EPA may raise GHG control threshold, Jackson says
The US Environmental Protection Agency is considering raising the threshold at which refineries and other large industrial plants would be required to control greenhouse gases (GHGs) beyond the 25,000 tons/year originally proposed.
OGJ Washington Editor
WASHINGTON, DC, Feb. 23 -- The US Environmental Protection Agency is considering raising the threshold at which refineries and other large industrial plants would be required to control greenhouse gases (GHGs) beyond the 25,000 tons/year originally proposed.
Responding to a Feb. 19 letter from John D. Rockefeller IV (W.Va.) and seven other Senate Democrats, EPA Administrator Lisa P. Jackson did not specify what the new threshold might be.
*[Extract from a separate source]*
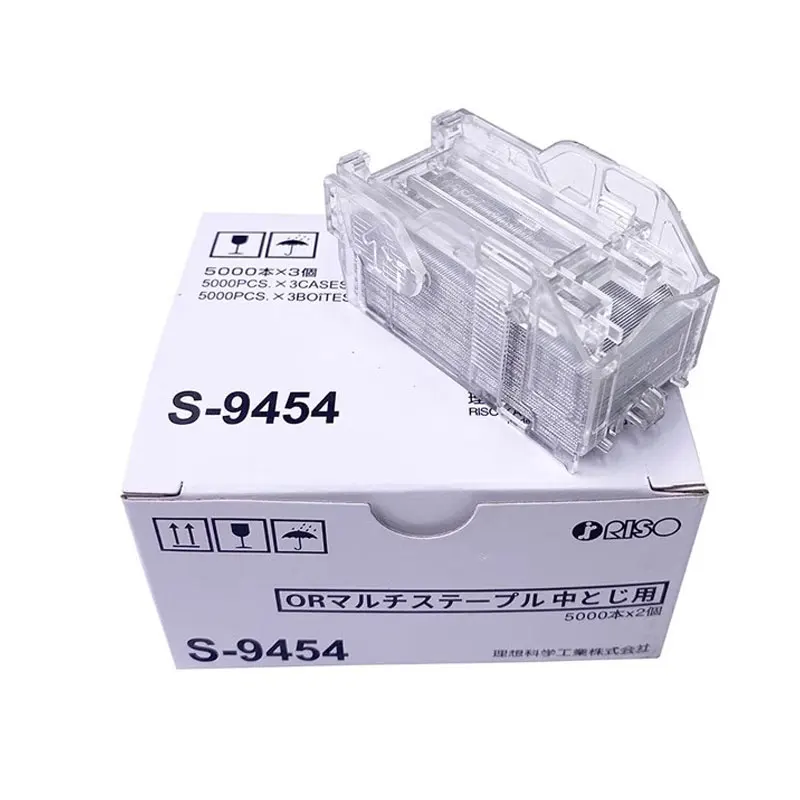 S-9454 دبابيس أصلية لـ Riso HC100 دبابيس ربط خاصة للصفحات خرطوشة التيلة 1 صندوق من 2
She said she expects EPA to begin regulating GHG emissions at refineries, chemical plants, and other large industrial facilities next year under the Clean Air Act. No regulations are planned for 2010.
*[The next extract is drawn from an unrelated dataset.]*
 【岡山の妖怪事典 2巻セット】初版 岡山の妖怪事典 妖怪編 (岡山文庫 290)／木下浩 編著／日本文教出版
“In the first half of 2011, only those facilities that must apply for [CAA] permits as a result of their non-greenhouse gas emissions will need to address their [GHG] emissions in their permit applications,” Jackson said, adding that she expects EPA to begin regulating GHGs from other large industrial sites during next year’s final six months.
“Between the latter half of 2011 and 2013, I expect that the threshold for permitting will be substantially higher than the 25,000-ton limit that EPA originally proposed,” Jackson said. “In any event, EPA does not intend to subject the smallest sources to [CAA] permitting for [GHG] emissions any sooner than 2016.”
EPA proposed regulating GHGs under the CAA in response to a 2007 US Supreme Court ruling that GHGs are air pollution and subject to regulation under the CAA if EPA determined that emissions of them endanger public health. The agency issued such a finding on Dec. 7.
The endangerment finding obligates the agency to regulate GHG emissions from motor vehicles, Jackson said. EPA will begin that process in late March when it issues GHG emission standards for 2012-16 model year light-duty vehicles. Simultaneously, the US Department of Transportation will issue a rule raising fuel economy standards for those vehicles.
Senate approval of a resolution by Lisa Murkowski (R-Alas.) expressing disapproval of EPA’s GHG endangerment finding would keep EPA from issuing GHG standards for light-duty vehicles while undoing what Jackson termed “an historic agreement among states, automakers, and other stakeholders” and leave automakers “without the explicit nationwide uniformity” they consider vital to their business, the letter said.
“Moreover, a vote to vitiate the [GHG] endangerment finding would be a vote to reject the work of the 13 US government departments that contribute to the US Global Change Research Program,” it continued. “It also would be viewed by many as a vote to move the United States to a position behind that of China on the issue of climate change, and more in line with that of Saudi Arabia.”